### Exercise
Word for word, copy out the data below, omitting pictures.
+ + + + + + +
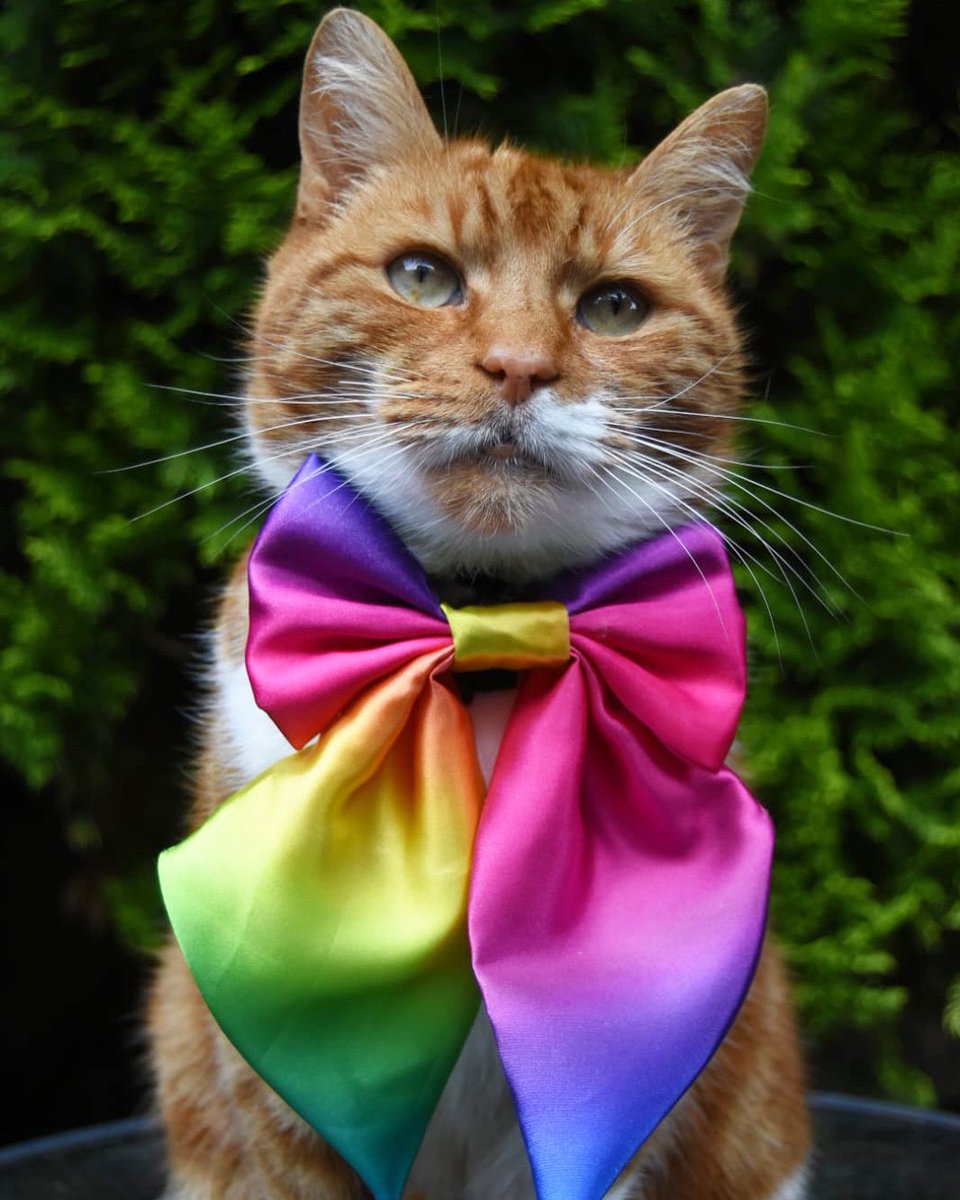 the ginger tom tweet media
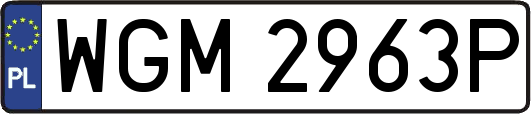WGM2963P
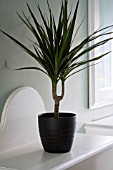 DRACAENA MARGINATA IN CONTEMPORARY POT ON TABLE IN HALLWAY
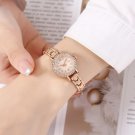 Women's exquisite small dial light luxury watch mother shell dial green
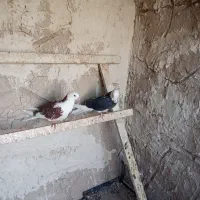 کبوتر تهرانی|پرنده|شبستر, |دیوار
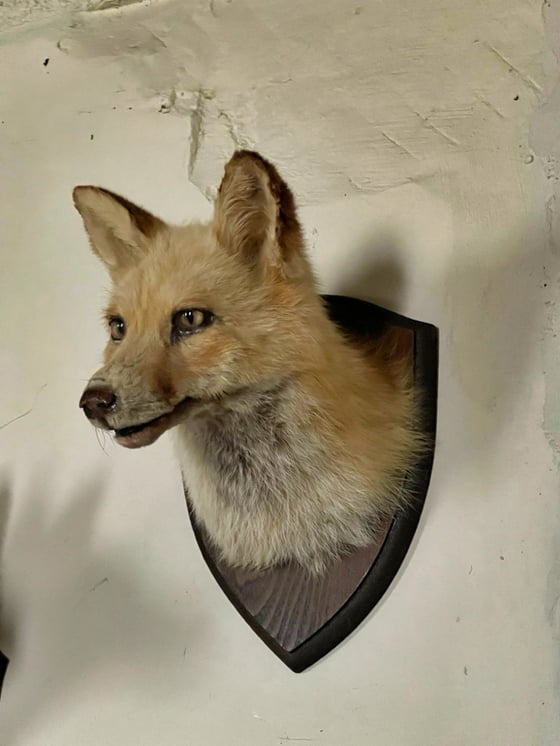 Image of Blonde Taxidermy Fox 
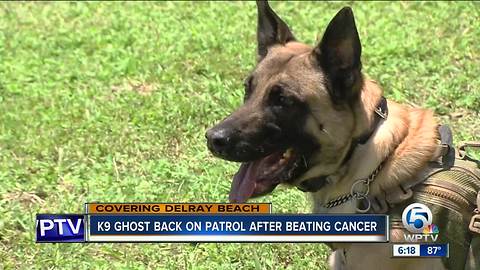 K9 Ghost back on patrol after beating cancer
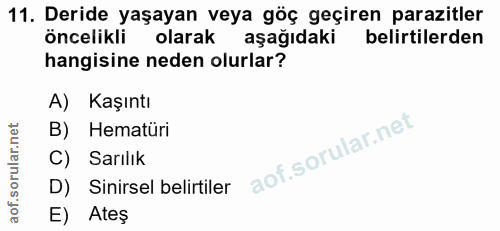 11. soru: Deride yaşayan veya göç geçiren parazitler öncelikli olarak aşağıdaki belirtilerden hangisine neden olurlar? A) Kaşın…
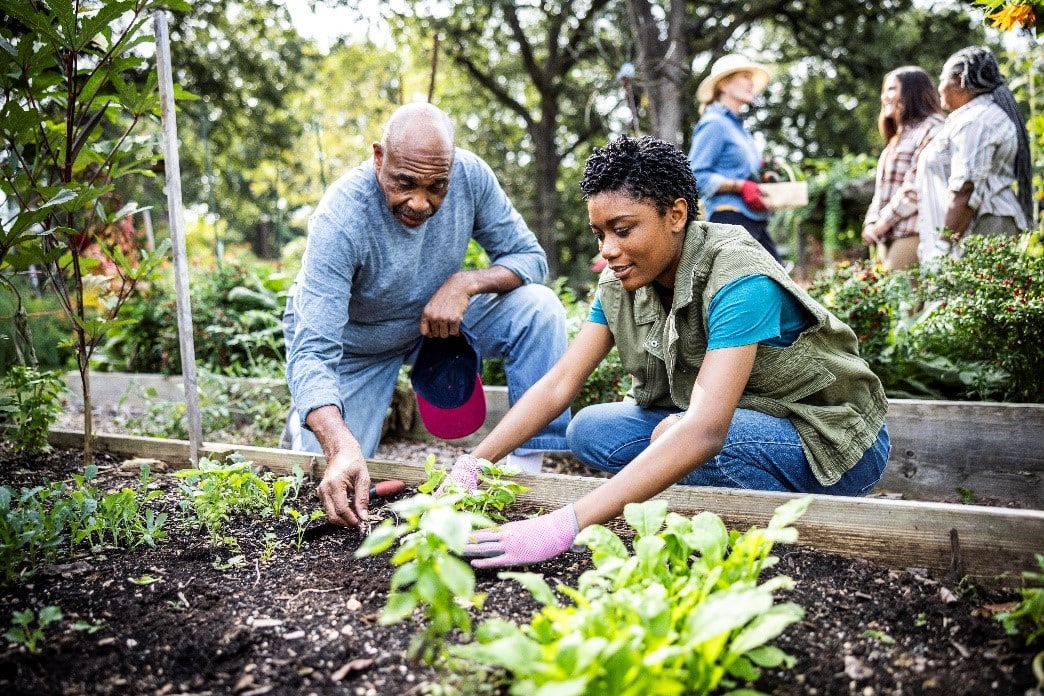 Group of individuals planting in a community garden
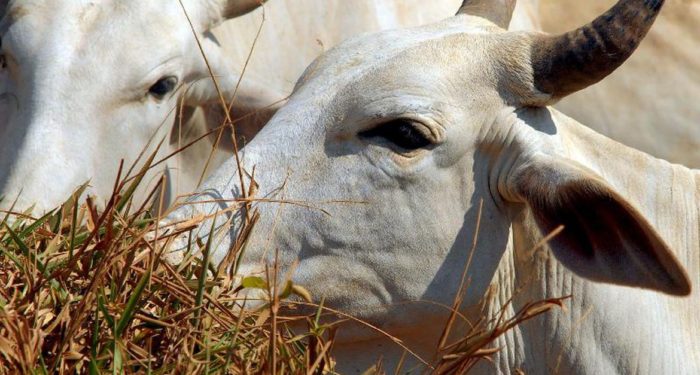 Doença da Vaca Louca: primeiro caso registrado no Brasil.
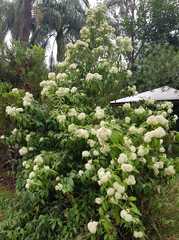 Backhousia citriodora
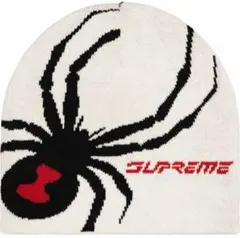 2025年最新】supreme ビーニー スパイダーの人気アイテム - メルカリ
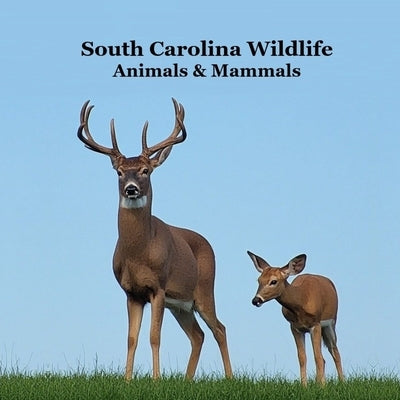 South Carolina Animals and Mammals Kids Wildlife Book: Great Wildlife Book about Animals and Mammals in South Carolina by Marie, Kinsey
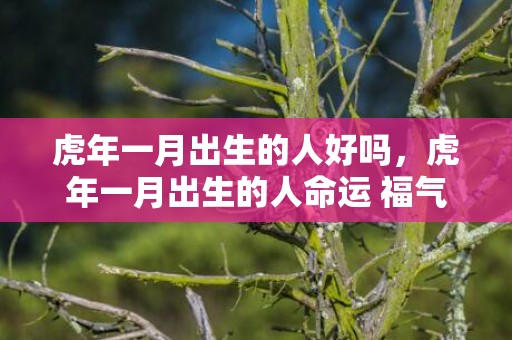 虎年一月出生的人好吗，虎年一月出生的人命运 福气受用终身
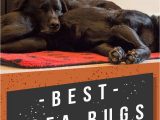 Best Type Of area Rug for Dogs Best area Rugs for Dogs Chew to Pee Resistant & Washable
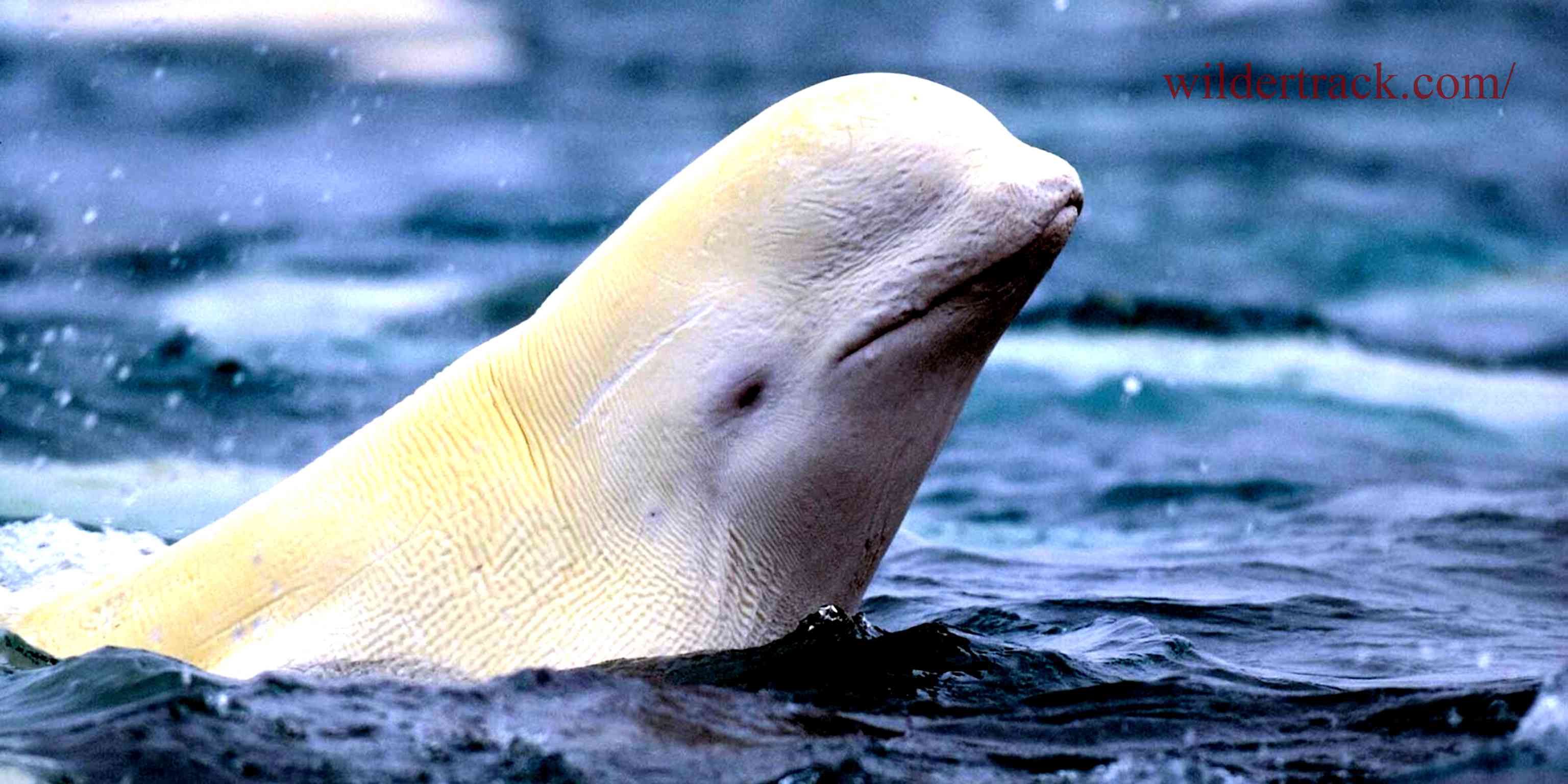 What are Beluga Whales?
+ + + + + + +
### Reply to the exercise
 the ginger tom tweet media
WGM2963P
 DRACAENA MARGINATA IN CONTEMPORARY POT ON TABLE IN HALLWAY
 Women's exquisite small dial light luxury watch mother shell dial green
 کبوتر تهرانی|پرنده|شبستر, |دیوار
 Image of Blonde Taxidermy Fox 
 K9 Ghost back on patrol after beating cancer
 11. soru: Deride yaşayan veya göç geçiren parazitler öncelikli olarak aşağıdaki belirtilerden hangisine neden olurlar? A) Kaşın…
 Group of individuals planting in a community garden
 Doença da Vaca Louca: primeiro caso registrado no Brasil.
 Backhousia citriodora
 2025年最新】supreme ビーニー スパイダーの人気アイテム - メルカリ
 South Carolina Animals and Mammals Kids Wildlife Book: Great Wildlife Book about Animals and Mammals in South Carolina by Marie, Kinsey
 虎年一月出生的人好吗，虎年一月出生的人命运 福气受用终身
 Best Type Of area Rug for Dogs Best area Rugs for Dogs Chew to Pee Resistant & Washable
 What are Beluga Whales?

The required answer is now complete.